*Aim of the task*:
Word for word, restate the records from their first line through the line with "Un balcon offrant", both ends included; omit each picture.

Data items:

☆ ☆ ☆ ☆ ☆

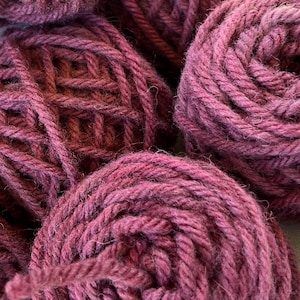 May include: Close-up of several balls of deep purple yarn. The yarn is soft and fluffy, and the balls are tightly wound.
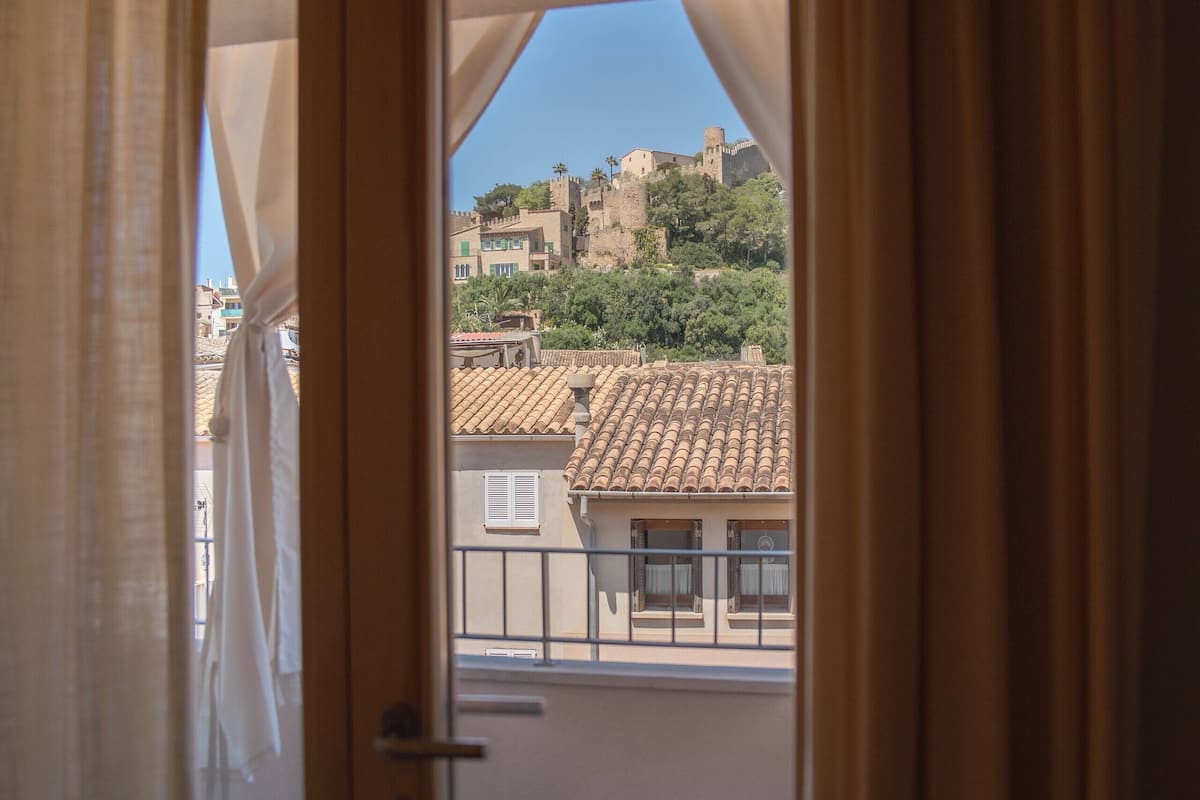 Un balcon offrant une vue sur une ville historique et un château.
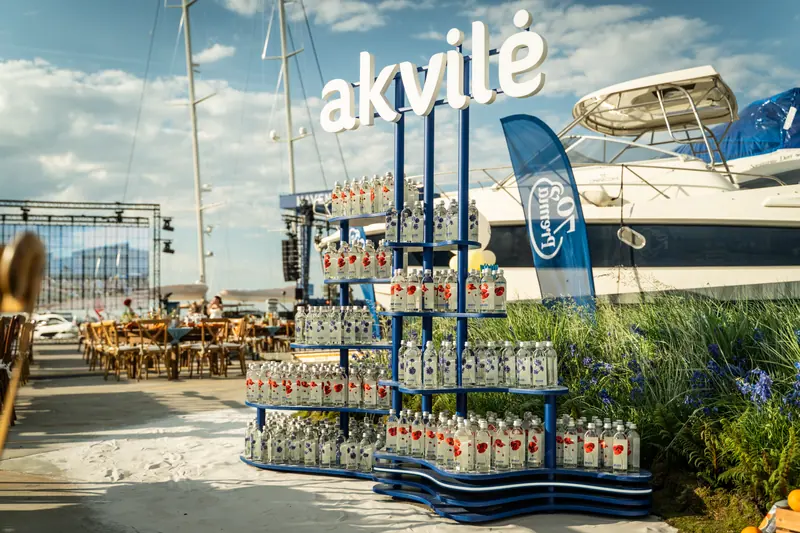An Akvilė display beside boats and outdoor tables at a marina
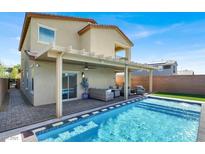 Inviting backyard oasis featuring a refreshing pool, covered patio, and comfortable outdoor seating area at 3136 Mossfield Ave, Henderson, NV 89052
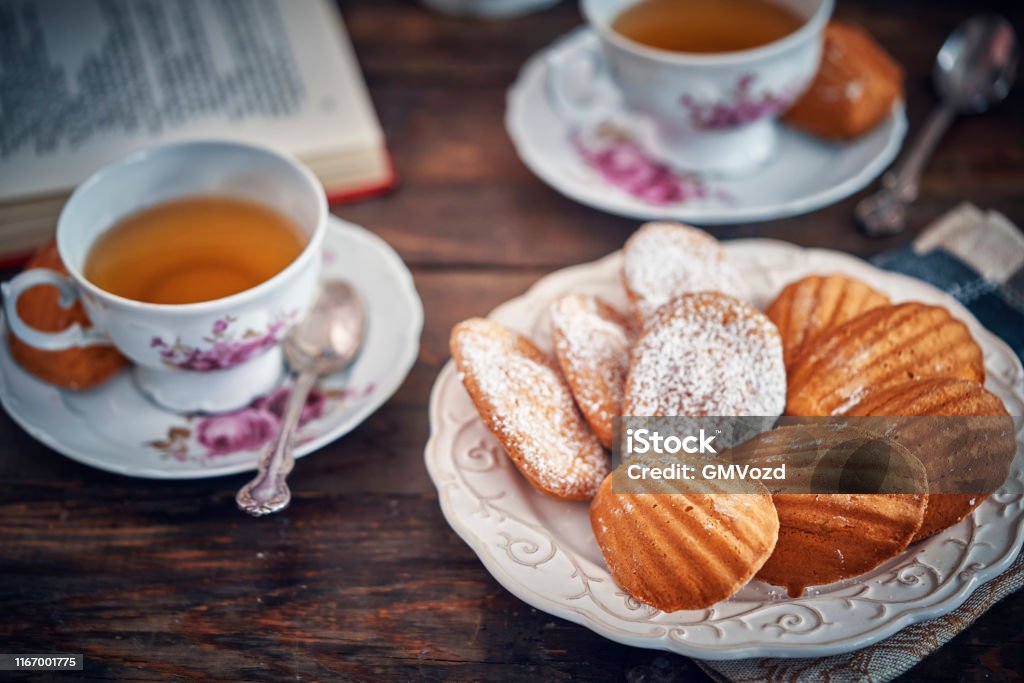 Madeleine Cakes Served with Cup of Tea Tea - Hot Drink Stock Photo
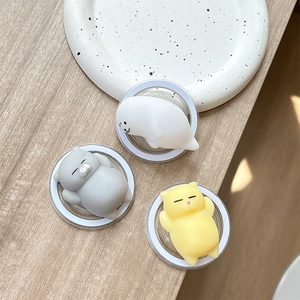 Cute squishy animal phone socket featuring cat and seal designs on a wooden table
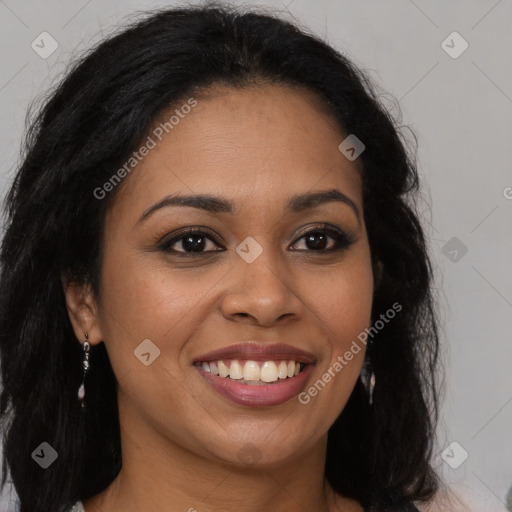 Joyful latino young-adult female with long  brown hair and brown eyes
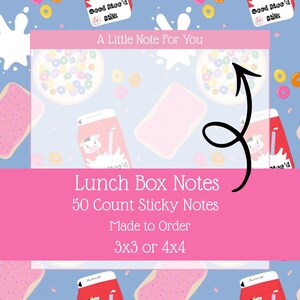 May include: Pink and blue background with illustrations of cereal, milk cartons, and pastries. The image features a pink rectangle with the text "Lunch Box Notes" and "50 Count Sticky Notes". The notes are available in 3x3 or 4x4 sizes.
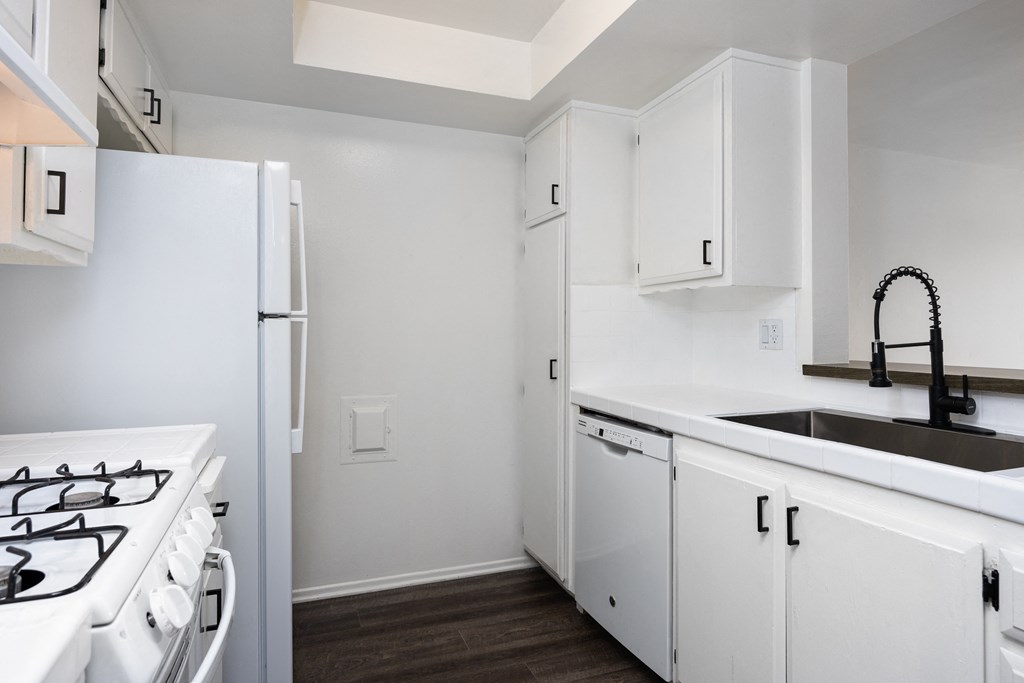 an empty kitchen with white cabinets and a white stove and refrigerator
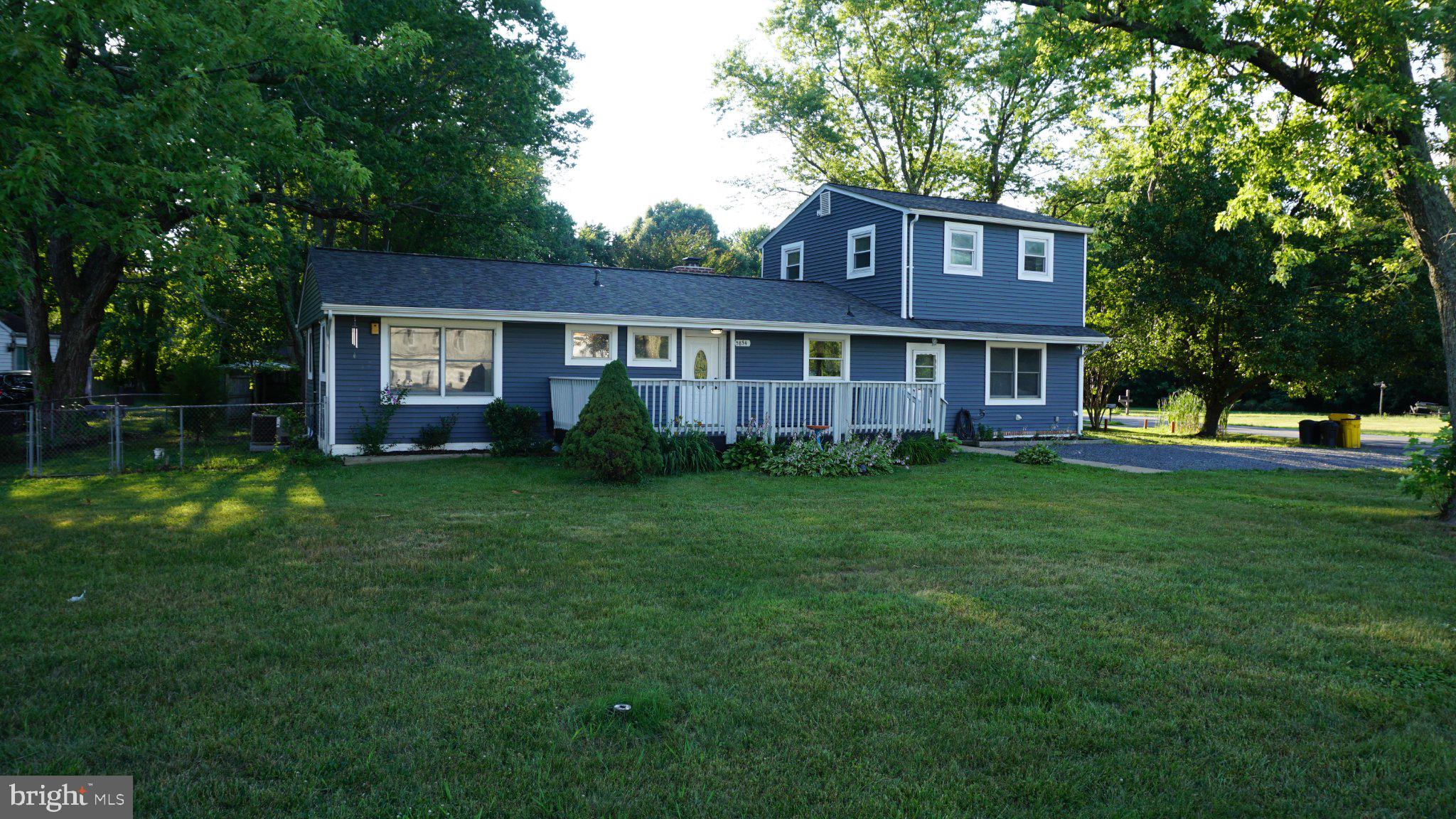 5854 Deale Churchton Road Deale, MD 20751 - Photo 4 of 57 Charming home with lush green surroundings.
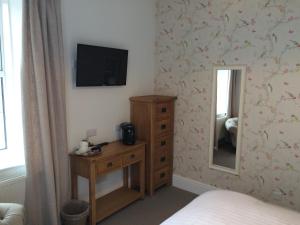 a bedroom with a bed and a dresser at Portreath Arms in Portreath
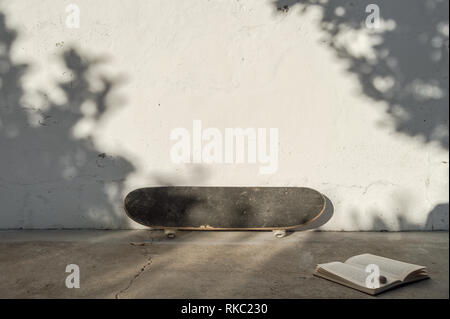 Skateboard appuyée sur mur blanc à côté d'un livre avec un escargot sur le dessus. Soirée ensoleillée en lieu naturel avec l'ombre des arbres dans le mur. Banque D'Images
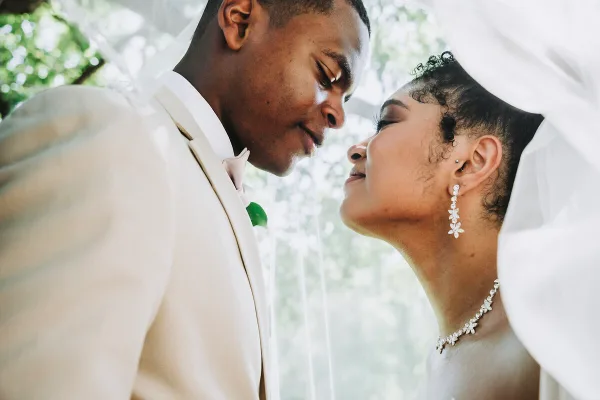A close-up, candid photograph of a groom and bride looking at each other affectionately during their wedding.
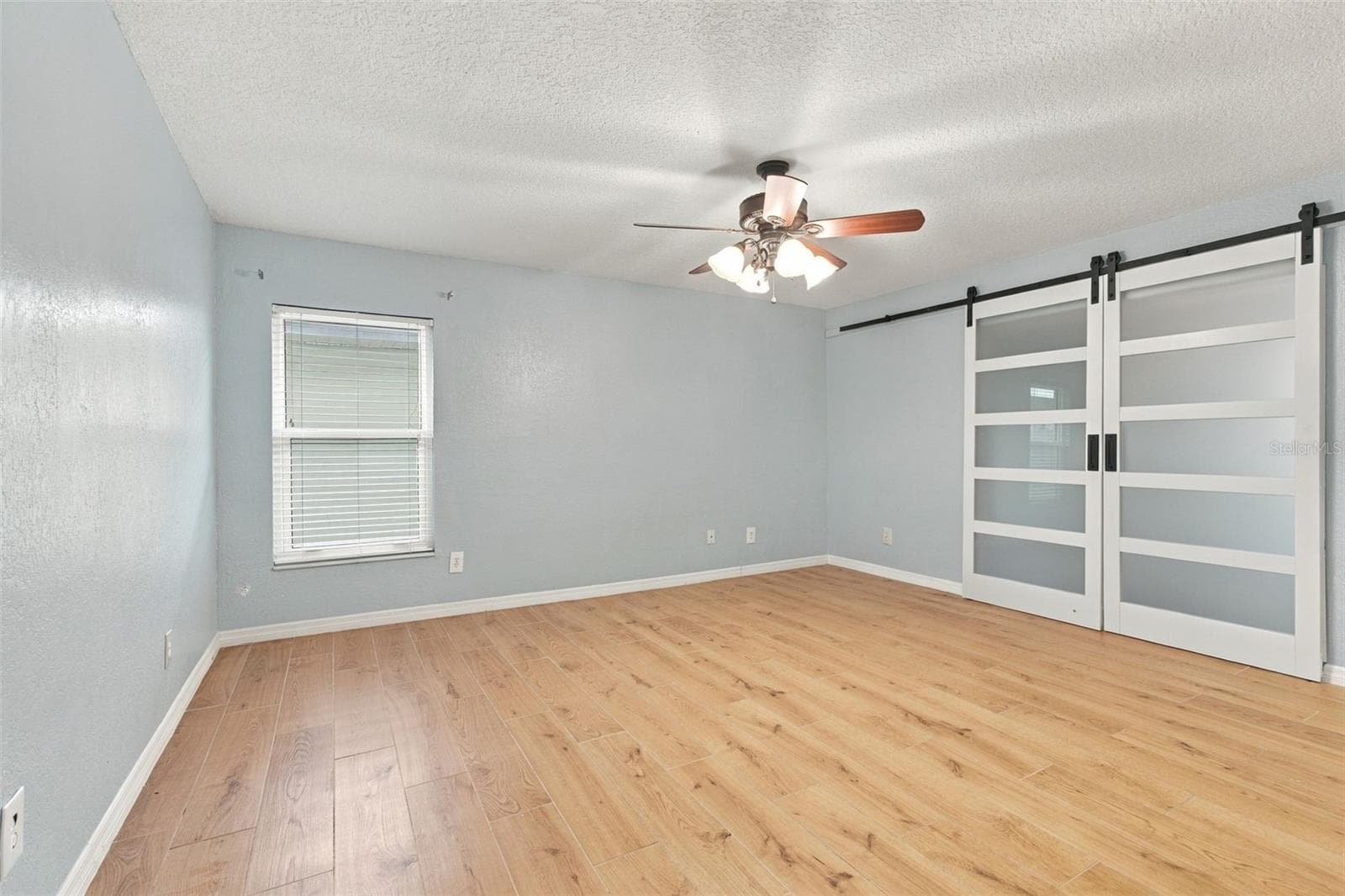 Second bedroom with full wall closet. - 2254 HERON CIR, CLEARWATER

☆ ☆ ☆ ☆ ☆

*Response area*:
 May include: Close-up of several balls of deep purple yarn. The yarn is soft and fluffy, and the balls are tightly wound.
 Un balcon offrant une vue sur une ville historique et un château.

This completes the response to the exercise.